Data below:

════════════════════

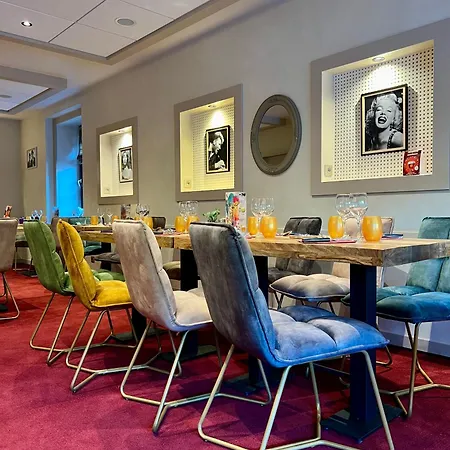 Logis Hotel, Et Restaurant Les Chatelmines Ла-Бресс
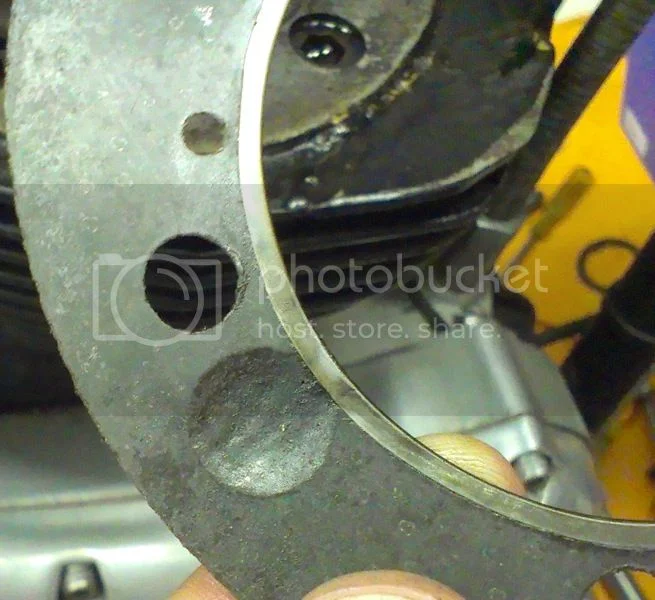 Cylinder Head Removal / Install Access Norton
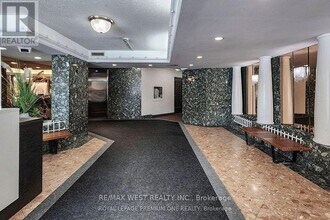 236 Albion Rd in Toronto, ON - Building Photo - Building Photo
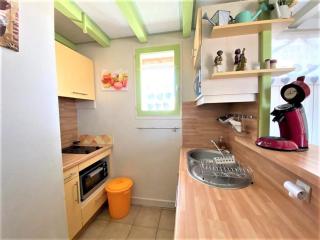 Appartement lumineux avec balcon, proche plages et commerces, parking privatif, pour 6 personnes - FR-1-494-193 - 6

════════════════════

What you will do: The response has to be an exact copy of all the data, pictures excluded.

Expected answer:
 Logis Hotel, Et Restaurant Les Chatelmines Ла-Бресс
 Cylinder Head Removal / Install Access Norton
 236 Albion Rd in Toronto, ON - Building Photo - Building Photo
 Appartement lumineux avec balcon, proche plages et commerces, parking privatif, pour 6 personnes - FR-1-494-193 - 6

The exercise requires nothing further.